Every year for more than 10 years, the Kansas State Center for Child Development Parent Teacher Organization (PTO) has sponsored the Giving Tree project, which aims to provide supplies and toys to the center’s early learning classrooms.

Christmas trees, located in six locations on the K-State campus, have been decorated with ornaments that serve as gift requests from the center’s teachers for their classrooms of children six weeks to six years old. The items vary in price, to help with affordability, and in type.

Katrina Ballesteros, teacher to a classroom of 13 preschool children at the Center for Child Development, spoke about the kinds of items teachers asked for.

“We requested clothing … for if they’ve been playing in water or they’ve had a milk spill,” she said. Plus, “a couple of little games and activities that we found online that we thought were really cute, a little pizza kit for them to use in dramatic play.”

Other items such as Sharpies, dry erase markers and laminators are on the wish lists.

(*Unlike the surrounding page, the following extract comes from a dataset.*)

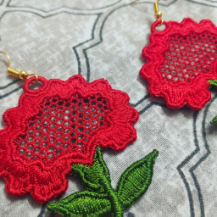 Red floral earrings with green leaves on a textured surface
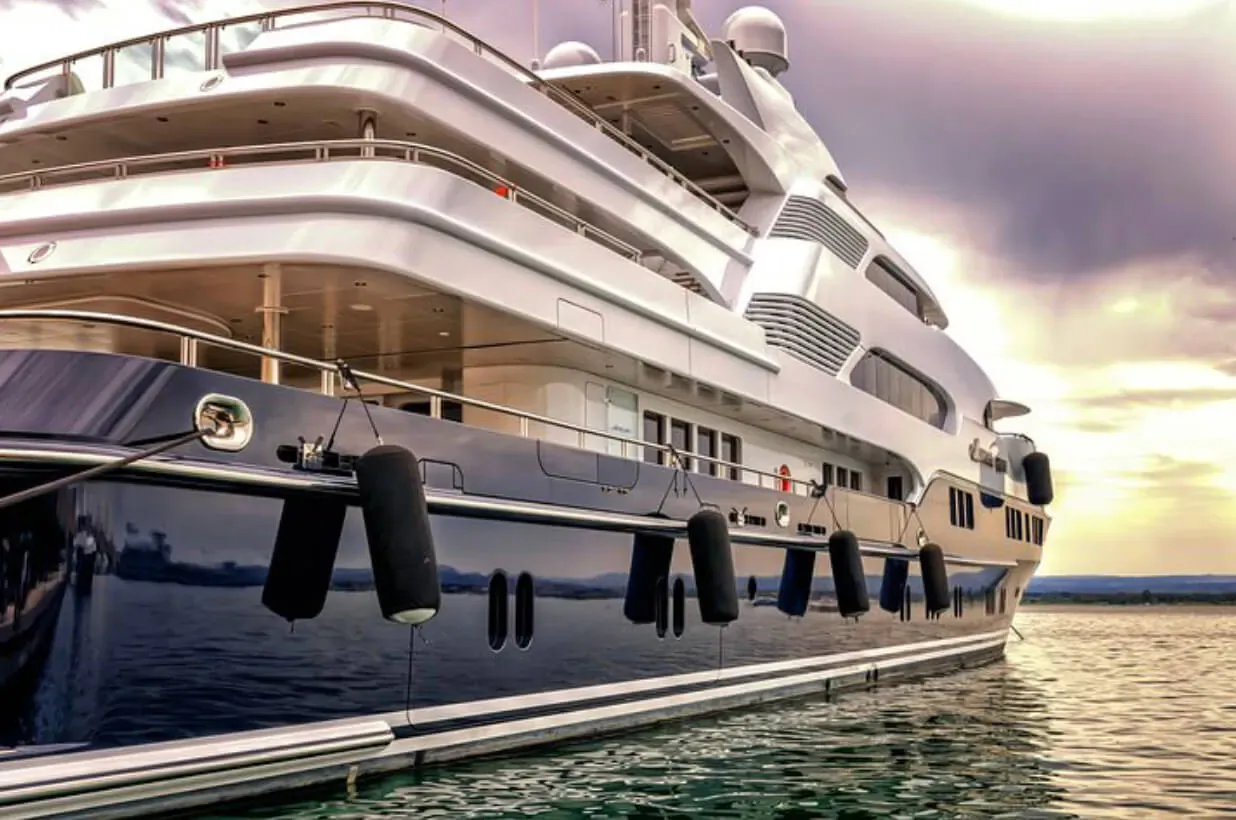 Luxurious white superyacht docked at marina with fenders, calm water, sunset sky.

The Center for Child Development serves mainly as a childcare resource for K-State students and faculty, though the center is open to enrolling children without a K-State affiliation. There are currently 180 children enrolled at the center. Rosie Mitchell, center director, said about 90 percent of the children enrolled are “children of K-Staters.”

Andrea Feldkamp, academic advisor, got involved with the PTO when she first enrolled her three children in the center, and just stepped down from serving as the organization’s president. She is the Giving Tree project manager.

Feldkamp said she is in charge of contact with all of the locations that hold the trees, which are Hale Library, Justin Hall, Rathbone Hall, the Chester E. Peters Recreation Complex, Seaton Hall and Trotter Hall. She is also in charge of arranging parent volunteer groups to intermittently pick up the gifts from the drop off sites.

Feldkamp said this is one of many projects the PTO organizes yearly to enrich the center, including networking dinners, playground cleanup and teacher appreciation week activities.

“This is the only project we engage the university in as a whole,” Feldkamp said.

Teachers received about 75 percent of the gifts they requested last year, and about 90 percent in 2015, Feldkamp said.

Ballesteros said the project is great for the teachers.

“Teachers spend money out of their pockets so much,” she said. “People may not think that we do. We spend a lot of money in our classrooms and on our students, and so it’s just another way of helping us out a little bit.”

Mitchell said it is a time to give and to support K-State families and children.

“It takes a village to raise a child, and this is just a small example,” Mitchell said.

The tree ornaments have information about when and where to drop off a gift for the children at the Center for Child Development. Those interested in helping still have time to pick an ornament; trees will be up until Dec. 16.